Du 17 mars au 11 juin, le Musée de la Boverie accueille l’exposition «Révolution bande dessinée : Métal Hurlant et (À SUIVRE)», qui s’attarde sur les parcours parallèles de ces deux revues devenues cultes à travers un choix de plus de 300 planches originales. L’occasion de parler cases, planches, crayons et subversion avec Erwin Dejasse et Frédéric Paques, docteurs en Histoire de l’Art en charge du cours de BD de l’Université de Liège.
C’est un temps que les moins de 20 ans ne peuvent pas connaître : durant près de deux décennies, deux revues vont marquer de leur empreinte tout un pan du 9e art en alliant audaces visuelles et narratives, liberté de ton et découvertes de multiples talents. Ces revues s’appellent Métal Hurlant (1975-1987 puis 2002-2004) et (A SUIVRE) (1978-1997). « Chez Métal Hurlant, on va retrouver de jeunes talents comme des gars plus confirmés » explique Erwin Dejasse. « Citons par exemple Gotlib, Tardi, Bilal mais aussi Dominique Hé, Michel Crespin ou encore François Schuiten ». À l’inverse, (À SUIVRE) va principalement se reposer sur des talents déjà reconnus, qu’ils vont pousser à s’améliorer encore et encore. Frédéric Paques : « C’est l’époque des Tardi (encore lui), Rochette & Lob, Peeters & Schuiten mais aussi et surtout Pratt et quelques autres comme Servais ou Munoz & Sampayo ». En l’espace de vingt ans, ces revues vont ouvrir les horizons de plusieurs générations de dessinateurs et d’auteurs, et devenir des références aujourd’hui presque canoniques.
Mais reprenons depuis le début. Tout commence au lendemain de la guerre, en Belgique et en France. « C’est l’époque où la revue de bande dessinée a fonctionné comme revue pour enfants pouvant être lue par les adultes aussi. Tintin et Spirou sont les exemples les plus connus : des récits simples et drôles, bon enfant, qui ne dépassent pas les limites de la bienséance » raconte Erwin Dejasse. « La fin des années 60 va changer tout cela : c’est l’émergence de la contre-culture, la remise en cause des modèles en place (familiaux, institutionnels, culturels, etc.).

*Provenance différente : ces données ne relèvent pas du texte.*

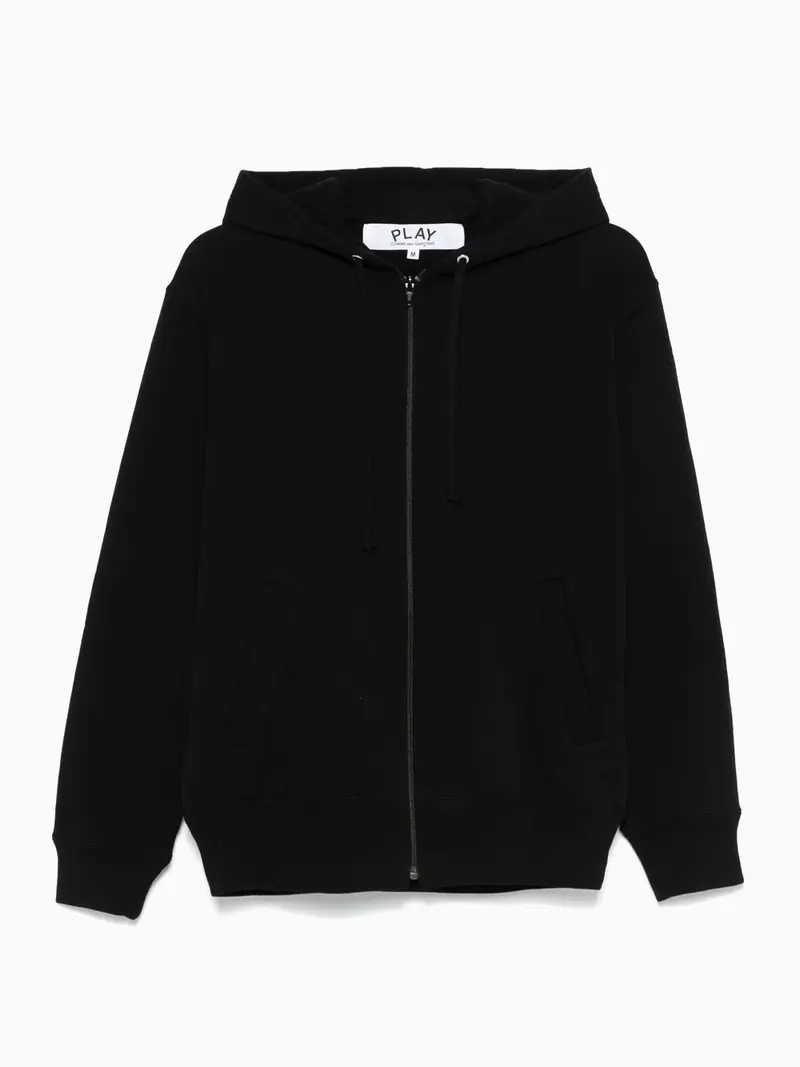 Heart-patch hoodie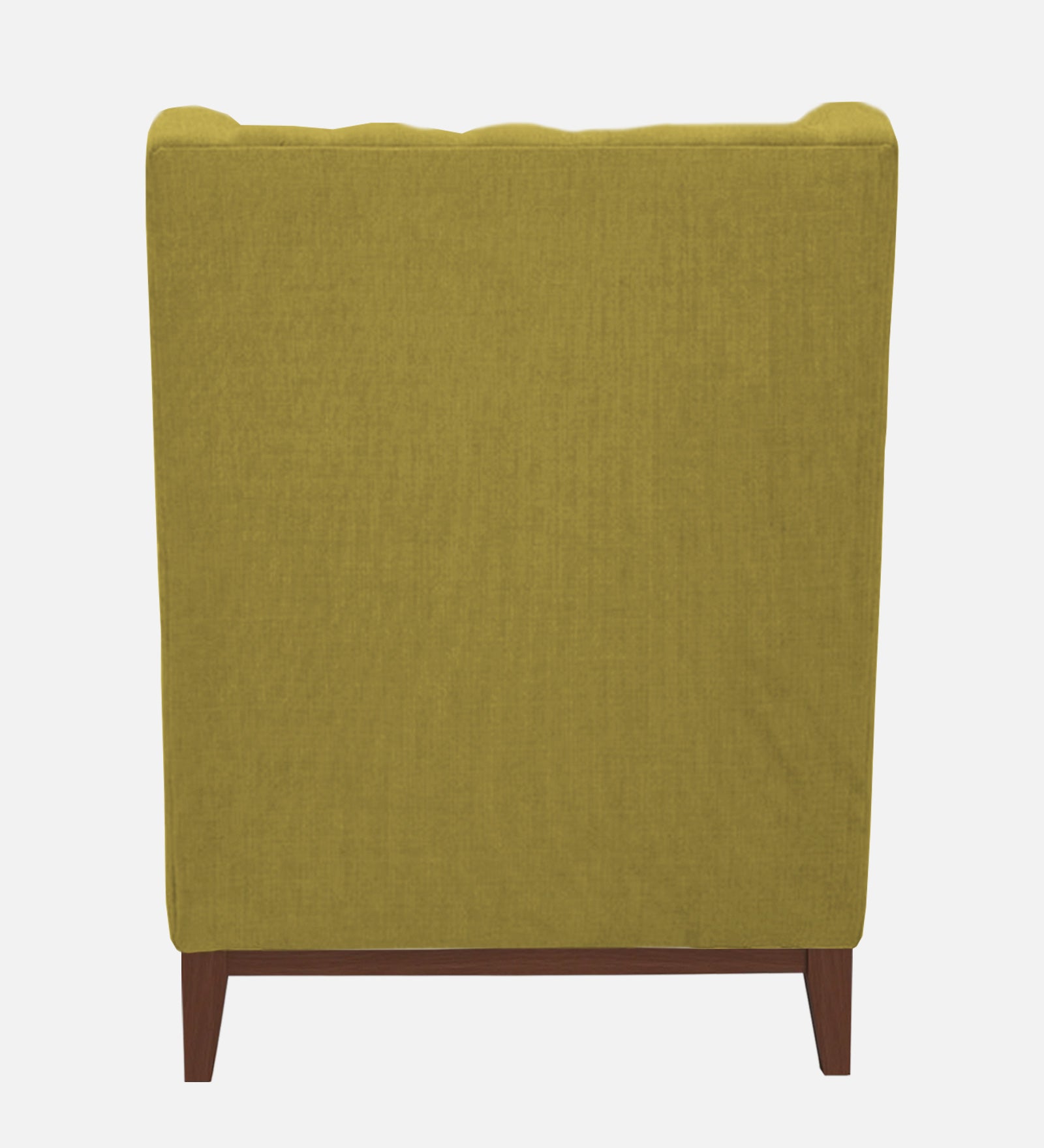 Kuchi Fabric Wing Chair In Parrot Green Colour - Febonic Living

Comme ça été le cas dans le cinéma quelques années auparavant, de jeunes loups vont apparaître et proposer quelque chose de neuf, de plus provocant d’une certaine manière : c’est l’apparition de Pilote et Charlie Mensuel, puis quelques années plus tard de l’Écho des Savannes et de Fluide Glacial. On passe aussi d’un format traditionnellement hebdomadaire à mensuel. C’est dans ce contexte que va apparaître Metal Hurlant dans un premier temps, suivi quelques années plus tard de (À SUIVRE). »
Métal Hurlant
Plus ancienne des deux revues de l’exposition, Métal Hurlant voit le jour en 1975, sous l’impulsion de Jean-Pierre Dionnet, originellement scénariste ayant fait un crochet par Pilote. « Dionnet est un drôle de personnage, d’une culture immense, qui va de la littérature française la plus pointue aux comics américains en passant par le cinéma hong-kongais. À l’origine, il voulait créer un magazine autour de la science-fiction, genre très peu représenté à l’époque dans les médias traditionnels » commente Erwin Dejasse. «Dionnet va s'associer Bernard Farkas, Philippe Druillet et Jean Giraud, alias Moebius, et le magazine va alors prendre forme.»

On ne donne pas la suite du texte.